*PROBLEM DETAILS:* Whenever a line of the listing contains the string "used", return that line.
═════ EXERCISE DATA
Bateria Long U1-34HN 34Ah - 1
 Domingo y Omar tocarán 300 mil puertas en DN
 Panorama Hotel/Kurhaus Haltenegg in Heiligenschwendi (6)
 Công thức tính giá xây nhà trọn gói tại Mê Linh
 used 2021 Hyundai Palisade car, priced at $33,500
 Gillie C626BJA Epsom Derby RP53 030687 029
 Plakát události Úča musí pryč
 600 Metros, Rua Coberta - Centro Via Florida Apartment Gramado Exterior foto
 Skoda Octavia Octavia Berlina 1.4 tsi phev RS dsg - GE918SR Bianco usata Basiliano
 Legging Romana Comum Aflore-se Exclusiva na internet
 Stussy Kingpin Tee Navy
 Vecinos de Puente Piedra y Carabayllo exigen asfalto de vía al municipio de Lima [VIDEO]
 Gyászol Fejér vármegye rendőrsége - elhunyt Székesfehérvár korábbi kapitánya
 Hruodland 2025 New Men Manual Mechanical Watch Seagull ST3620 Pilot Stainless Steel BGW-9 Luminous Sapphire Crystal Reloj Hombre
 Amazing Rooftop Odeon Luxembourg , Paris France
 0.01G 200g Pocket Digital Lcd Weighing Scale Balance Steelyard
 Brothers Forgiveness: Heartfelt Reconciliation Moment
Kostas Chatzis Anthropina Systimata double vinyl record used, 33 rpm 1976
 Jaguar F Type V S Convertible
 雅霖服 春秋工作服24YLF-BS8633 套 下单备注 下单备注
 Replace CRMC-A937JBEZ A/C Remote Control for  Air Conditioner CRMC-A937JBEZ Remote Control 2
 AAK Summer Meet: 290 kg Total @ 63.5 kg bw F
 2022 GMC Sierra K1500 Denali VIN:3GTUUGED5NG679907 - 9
══════════
*YOUR SOLUTION:*
 used 2021 Hyundai Palisade car, priced at $33,500
Kostas Chatzis Anthropina Systimata double vinyl record used, 33 rpm 1976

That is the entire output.